ATRIPALDA – L’IRA DEL SABATO
Quel fiume, che da sempre attraversa l’abitato del Paese e sul quale due ponti vicini ne congiungono la parte storica e quella più nuova, ha condiviso la vita di noi Atripaldesi, quasi come un nostro concittadino chiamato Sabato.
Ricordo e rivedo tante donne che in un lontano passato (come sarebbe oggi inconcepibile) solevano lavare in ginocchio e senza vergogna, i panni lungo la riva, nell’acqua che scorreva limpida nel letto del fiume.
A volte, dopo qualche temporale, il Sabato dava anche spettacolo con la cosiddetta “piena”, che solo per breve tempo sollevava moderatamente il livello della corrente.
Ma non fu così quel giorno, allorché, per l’ira di un dio, il fiume quasi all’improvviso si gonfiò tanto da esondare, riempiendo di molta acqua tutta la piazza Umberto I e le principali strade vicine.
Ne furono invasi i piani terranei, adibiti quasi tutti a modesti esercizi pubblici. La povera merce venne ricoperta di acqua fangosa che la rese inservibile.
Vidi gli esercenti faticare a lungo, nei giorni successivi, nel tentativo di recuperare qualcosa, aiutati spontaneamente da compaesani.
Non udii lamenti come di solito sollevati per sollecitare indennizzi; vi era all’epoca silenziosa rassegnazione e bella dignità.
Per evitare il ripetersi di siffatta calamità, in tempi successivi, con lavori pubblici di notevole entità, il letto del fiume, nel tratto di attraversamento urbano, venne, mediante escavazioni, adeguatamente approfondito.

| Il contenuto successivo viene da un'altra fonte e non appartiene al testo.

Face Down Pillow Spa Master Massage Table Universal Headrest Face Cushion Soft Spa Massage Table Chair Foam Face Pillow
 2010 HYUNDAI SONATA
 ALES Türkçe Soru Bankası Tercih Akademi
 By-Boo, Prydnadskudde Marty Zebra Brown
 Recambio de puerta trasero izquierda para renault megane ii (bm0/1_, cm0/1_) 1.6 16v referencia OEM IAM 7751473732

Ci chiedemmo perché il nostro Sabato avesse avuto quel momentaneo scatto d’ira così dannoso per la nostra comunità.
Riportammo soltanto un maggior “timore reverenziale” verso quel compaesano naturale, che abbiamo continuato ad amare nonostante il sopravvenuto inquinamento che, purtroppo, inevitabilmente lo tormenta.